Jim Enote also pointed out that we might want to put in an additional caveat that Zuni tribe gets to review what is being published based on the comments that they have shared. However, this is not so straightforward a request, given what happens after things get published and then they're "in the literature"-- at that point it might be too hard to enforce that condition of review by the tribe.

Robin Boast pointed out that we might benefit from looking into Creative Commons licensing, since what we're talking about is essentially what they call an "Attribution NonCommercial license".

Also, it might make sense to have two use agreements, one from the content partners to AAMHC, the other from the AAMHC to the content partners. After some thought, here is a draft of what I came up with:

[from content partners to AAMHC]
We grant free access to A:shiwi A:wan Museum and Heritage Center and the Zuni Tribe to use the material within this database, provided the [institution name] and photographer are acknowledged in all uses, and that the copyrights of individual artists are respected when appropriate.

[from AAMHC to content partners]
We grant free access to [content partner] to use the material within this database, provided the authors are acknowledged in all uses (and that the AAMHC is able to review any work that is published based on the research provided in this database).

These are just preliminary ideas, and will quite possibly change and develop in the coming months.

Recap of our recent kickoff meeting

Despite having to start our meeting several hours late due to an early winter snowstorm, we got our project off to a fantastic start at our recent kickoff meeting at Zuni, December 8-9, 2009. Jim Enote hosted us in the new media room at the A:shiwi A:wan Museum and Heritage Center.
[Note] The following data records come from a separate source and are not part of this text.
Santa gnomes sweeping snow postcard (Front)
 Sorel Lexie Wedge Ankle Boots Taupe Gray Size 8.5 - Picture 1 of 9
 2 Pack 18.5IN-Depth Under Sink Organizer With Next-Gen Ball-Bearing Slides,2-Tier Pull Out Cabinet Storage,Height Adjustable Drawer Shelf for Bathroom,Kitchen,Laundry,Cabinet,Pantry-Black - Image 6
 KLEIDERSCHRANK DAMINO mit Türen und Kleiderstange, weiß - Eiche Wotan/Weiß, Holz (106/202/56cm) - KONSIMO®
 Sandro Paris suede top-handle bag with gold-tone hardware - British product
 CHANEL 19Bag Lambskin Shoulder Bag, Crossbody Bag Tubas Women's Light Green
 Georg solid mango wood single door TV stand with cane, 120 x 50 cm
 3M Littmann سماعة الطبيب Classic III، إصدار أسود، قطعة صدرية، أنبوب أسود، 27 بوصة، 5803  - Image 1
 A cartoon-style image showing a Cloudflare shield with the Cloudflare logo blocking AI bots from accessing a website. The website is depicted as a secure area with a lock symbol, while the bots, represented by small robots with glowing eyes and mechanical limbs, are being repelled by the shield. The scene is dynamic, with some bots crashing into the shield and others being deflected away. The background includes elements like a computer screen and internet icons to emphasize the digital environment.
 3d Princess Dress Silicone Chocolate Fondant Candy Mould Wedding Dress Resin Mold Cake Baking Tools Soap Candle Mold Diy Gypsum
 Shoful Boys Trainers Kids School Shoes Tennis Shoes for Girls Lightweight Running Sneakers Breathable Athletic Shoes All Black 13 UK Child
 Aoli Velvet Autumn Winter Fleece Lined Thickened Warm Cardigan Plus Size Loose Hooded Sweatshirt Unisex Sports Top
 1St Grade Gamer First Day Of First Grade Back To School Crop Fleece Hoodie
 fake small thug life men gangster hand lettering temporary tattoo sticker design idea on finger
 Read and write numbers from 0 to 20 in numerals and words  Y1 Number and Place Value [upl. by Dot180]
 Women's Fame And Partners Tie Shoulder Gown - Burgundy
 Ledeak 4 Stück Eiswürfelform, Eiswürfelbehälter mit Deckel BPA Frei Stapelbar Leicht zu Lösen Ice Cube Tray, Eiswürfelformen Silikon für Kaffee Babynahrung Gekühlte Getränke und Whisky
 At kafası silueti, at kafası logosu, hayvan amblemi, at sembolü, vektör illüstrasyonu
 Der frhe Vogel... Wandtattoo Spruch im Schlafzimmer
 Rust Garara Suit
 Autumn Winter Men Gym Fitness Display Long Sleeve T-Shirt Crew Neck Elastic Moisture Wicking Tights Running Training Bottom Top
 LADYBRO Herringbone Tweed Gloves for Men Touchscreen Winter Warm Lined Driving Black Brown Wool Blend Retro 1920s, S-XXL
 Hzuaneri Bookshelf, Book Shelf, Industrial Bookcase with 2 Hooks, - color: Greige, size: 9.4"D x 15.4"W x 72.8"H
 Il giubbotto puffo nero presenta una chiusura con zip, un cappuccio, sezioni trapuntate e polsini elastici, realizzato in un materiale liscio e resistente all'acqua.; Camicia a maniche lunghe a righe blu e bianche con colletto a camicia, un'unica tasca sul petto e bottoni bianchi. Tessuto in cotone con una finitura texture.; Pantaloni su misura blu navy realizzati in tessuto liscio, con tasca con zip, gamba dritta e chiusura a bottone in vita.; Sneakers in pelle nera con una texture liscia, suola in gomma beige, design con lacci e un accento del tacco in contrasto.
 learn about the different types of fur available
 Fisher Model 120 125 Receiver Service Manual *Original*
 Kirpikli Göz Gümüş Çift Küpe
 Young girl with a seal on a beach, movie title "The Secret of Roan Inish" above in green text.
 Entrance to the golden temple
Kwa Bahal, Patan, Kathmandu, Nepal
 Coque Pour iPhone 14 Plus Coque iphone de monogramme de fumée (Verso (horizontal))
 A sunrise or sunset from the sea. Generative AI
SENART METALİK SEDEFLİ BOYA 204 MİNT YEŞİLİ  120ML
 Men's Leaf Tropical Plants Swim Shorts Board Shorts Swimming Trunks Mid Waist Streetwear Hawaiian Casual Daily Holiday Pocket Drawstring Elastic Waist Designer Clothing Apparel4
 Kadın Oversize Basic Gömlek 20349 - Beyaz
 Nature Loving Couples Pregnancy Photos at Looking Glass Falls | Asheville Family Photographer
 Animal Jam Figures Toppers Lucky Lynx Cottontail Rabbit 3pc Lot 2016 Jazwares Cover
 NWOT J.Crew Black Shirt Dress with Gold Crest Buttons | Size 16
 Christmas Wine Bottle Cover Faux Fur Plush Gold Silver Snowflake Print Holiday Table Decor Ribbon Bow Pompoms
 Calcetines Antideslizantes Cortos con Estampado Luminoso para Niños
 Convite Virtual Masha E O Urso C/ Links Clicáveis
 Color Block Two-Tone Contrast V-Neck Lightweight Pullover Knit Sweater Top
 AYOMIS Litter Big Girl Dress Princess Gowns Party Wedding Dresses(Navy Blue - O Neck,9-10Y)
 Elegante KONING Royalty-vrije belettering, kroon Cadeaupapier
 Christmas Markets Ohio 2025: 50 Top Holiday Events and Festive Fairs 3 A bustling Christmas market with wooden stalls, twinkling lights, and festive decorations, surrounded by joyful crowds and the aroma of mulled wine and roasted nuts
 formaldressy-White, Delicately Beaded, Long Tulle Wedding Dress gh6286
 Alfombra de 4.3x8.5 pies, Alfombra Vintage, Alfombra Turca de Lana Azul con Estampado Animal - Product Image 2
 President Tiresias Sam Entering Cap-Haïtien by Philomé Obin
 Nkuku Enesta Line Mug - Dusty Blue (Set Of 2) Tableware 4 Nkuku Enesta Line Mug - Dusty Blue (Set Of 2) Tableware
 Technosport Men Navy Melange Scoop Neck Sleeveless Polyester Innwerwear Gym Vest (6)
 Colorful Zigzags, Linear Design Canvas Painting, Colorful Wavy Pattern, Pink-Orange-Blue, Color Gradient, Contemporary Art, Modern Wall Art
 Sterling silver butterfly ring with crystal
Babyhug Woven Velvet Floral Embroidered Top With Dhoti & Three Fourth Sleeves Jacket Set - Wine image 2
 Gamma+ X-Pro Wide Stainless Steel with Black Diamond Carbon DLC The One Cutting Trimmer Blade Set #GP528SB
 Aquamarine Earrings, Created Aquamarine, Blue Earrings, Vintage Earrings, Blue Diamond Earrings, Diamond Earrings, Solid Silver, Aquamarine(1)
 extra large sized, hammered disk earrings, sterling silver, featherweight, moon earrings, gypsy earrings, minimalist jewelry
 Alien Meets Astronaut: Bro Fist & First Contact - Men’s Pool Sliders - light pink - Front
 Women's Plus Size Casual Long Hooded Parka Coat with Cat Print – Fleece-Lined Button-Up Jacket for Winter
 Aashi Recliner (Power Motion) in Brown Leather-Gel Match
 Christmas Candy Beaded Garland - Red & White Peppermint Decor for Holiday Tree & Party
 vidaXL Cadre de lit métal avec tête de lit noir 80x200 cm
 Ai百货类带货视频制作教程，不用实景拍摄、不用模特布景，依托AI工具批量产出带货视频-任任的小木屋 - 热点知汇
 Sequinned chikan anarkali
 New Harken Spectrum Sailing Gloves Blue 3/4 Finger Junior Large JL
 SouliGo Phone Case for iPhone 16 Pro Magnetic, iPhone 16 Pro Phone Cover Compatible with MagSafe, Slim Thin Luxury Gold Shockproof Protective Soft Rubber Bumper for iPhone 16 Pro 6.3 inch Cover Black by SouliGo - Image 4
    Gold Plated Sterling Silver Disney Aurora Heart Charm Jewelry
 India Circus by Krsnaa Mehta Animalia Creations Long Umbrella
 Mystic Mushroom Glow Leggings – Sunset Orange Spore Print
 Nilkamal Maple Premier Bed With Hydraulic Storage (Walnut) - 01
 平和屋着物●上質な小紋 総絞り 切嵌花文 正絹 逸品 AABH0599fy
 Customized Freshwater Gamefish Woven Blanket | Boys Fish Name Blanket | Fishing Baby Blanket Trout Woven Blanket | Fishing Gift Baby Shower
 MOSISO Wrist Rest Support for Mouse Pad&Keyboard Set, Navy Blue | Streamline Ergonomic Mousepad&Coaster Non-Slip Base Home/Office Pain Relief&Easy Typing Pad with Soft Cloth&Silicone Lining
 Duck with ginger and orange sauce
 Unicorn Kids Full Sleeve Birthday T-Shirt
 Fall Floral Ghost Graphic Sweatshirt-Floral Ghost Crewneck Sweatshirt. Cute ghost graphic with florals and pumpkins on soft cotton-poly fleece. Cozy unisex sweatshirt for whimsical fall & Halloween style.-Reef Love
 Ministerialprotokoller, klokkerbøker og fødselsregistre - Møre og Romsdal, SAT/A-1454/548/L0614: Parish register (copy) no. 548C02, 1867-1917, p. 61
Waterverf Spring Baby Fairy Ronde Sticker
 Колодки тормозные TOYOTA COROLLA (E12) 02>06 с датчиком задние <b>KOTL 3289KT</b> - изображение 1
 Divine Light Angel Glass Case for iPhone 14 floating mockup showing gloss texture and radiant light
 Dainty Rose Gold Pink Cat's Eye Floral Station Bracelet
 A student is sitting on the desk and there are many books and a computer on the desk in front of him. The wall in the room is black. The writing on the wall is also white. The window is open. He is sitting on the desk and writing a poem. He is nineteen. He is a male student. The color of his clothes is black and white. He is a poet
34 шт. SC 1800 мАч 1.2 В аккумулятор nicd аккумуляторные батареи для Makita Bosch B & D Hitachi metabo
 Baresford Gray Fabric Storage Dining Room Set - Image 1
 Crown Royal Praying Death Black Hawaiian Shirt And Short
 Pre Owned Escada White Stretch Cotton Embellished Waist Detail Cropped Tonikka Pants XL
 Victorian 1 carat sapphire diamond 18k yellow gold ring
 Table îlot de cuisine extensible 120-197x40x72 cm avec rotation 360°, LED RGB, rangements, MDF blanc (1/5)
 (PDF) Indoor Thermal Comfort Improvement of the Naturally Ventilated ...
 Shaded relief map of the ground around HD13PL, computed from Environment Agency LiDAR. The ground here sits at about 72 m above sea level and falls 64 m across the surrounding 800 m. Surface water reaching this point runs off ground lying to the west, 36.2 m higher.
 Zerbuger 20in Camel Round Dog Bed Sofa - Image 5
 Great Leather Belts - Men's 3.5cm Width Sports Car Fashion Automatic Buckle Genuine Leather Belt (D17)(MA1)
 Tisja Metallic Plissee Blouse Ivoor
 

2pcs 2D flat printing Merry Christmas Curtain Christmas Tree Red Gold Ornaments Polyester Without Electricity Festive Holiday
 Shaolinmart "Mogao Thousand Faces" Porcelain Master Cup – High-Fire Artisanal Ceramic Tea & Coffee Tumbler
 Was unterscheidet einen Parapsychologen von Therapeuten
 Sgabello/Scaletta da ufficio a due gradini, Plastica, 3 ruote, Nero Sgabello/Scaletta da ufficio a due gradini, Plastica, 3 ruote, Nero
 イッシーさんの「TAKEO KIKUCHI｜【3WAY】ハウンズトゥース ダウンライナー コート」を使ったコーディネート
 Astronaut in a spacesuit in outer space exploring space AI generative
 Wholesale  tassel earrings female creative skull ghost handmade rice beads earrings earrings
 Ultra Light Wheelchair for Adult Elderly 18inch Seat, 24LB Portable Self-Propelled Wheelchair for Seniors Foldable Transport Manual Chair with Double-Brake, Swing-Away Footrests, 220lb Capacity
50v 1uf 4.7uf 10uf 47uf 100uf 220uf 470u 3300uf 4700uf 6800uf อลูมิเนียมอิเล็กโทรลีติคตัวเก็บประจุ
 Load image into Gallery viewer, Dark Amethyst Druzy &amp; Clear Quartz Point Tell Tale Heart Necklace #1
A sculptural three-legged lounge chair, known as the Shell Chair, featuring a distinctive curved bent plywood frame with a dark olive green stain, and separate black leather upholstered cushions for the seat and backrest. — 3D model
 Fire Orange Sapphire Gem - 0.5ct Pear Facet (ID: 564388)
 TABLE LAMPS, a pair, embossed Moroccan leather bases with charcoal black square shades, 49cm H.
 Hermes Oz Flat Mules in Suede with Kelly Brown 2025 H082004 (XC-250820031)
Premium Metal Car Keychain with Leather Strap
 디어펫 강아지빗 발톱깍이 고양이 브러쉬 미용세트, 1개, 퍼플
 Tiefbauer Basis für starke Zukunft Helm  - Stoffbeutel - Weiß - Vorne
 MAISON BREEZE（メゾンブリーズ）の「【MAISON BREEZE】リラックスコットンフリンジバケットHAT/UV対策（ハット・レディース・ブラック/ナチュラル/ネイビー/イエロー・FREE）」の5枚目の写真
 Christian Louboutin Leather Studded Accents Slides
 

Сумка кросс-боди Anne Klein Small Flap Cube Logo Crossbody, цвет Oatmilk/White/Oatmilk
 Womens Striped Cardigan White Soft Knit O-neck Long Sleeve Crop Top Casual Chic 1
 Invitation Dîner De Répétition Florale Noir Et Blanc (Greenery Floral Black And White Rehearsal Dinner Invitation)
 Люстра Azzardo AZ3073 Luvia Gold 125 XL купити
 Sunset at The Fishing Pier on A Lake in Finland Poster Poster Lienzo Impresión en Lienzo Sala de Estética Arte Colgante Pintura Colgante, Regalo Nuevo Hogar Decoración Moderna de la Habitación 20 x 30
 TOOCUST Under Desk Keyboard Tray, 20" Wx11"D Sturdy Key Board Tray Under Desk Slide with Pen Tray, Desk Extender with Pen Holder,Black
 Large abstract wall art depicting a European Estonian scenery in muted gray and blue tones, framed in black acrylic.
In a very productive few hours, we managed to discuss many of the essential first steps, and we ironed out several important issues.

A nontechnical discussion of the technological side of our project:

Robin Boast started off the meeting by explaining his ideas about how we can build the back-end of the collaborative catalog system. One of the main constraints is that we have to work with the existing collections management systems in the partner museums. Coincidentally, three out of the four content partners use the ARGUS system, but we might have a challenging time getting the ARGUS database to connect with the collaborative catalog. Robin's idea is to use the Web access module of ARGUS to do this, but whether this is going to work like we need it to remains an unanswered question. Robin also spent some time explaining the concept of 'information push' to us-- basically another consideration for us is that things in the museums' catalogs change as well, so we need to figure out how to keep the information in our collaborative catalog updated, without having to 'pull' the updates all the time. How do we reverse the model so that the content partners push the information? Robin's answer was to use a new tool called Web Hooks, which are (as far as I can tell) a mini-program designed to pay attention to things that are happening in a database. When a certain event occurs (such as an object record's 'remarks' field being updated with new information), this mini-program knows to take a specific action (in this case, sending the updated information along to update the collaborative catalog records). Or at least that's how I understand it.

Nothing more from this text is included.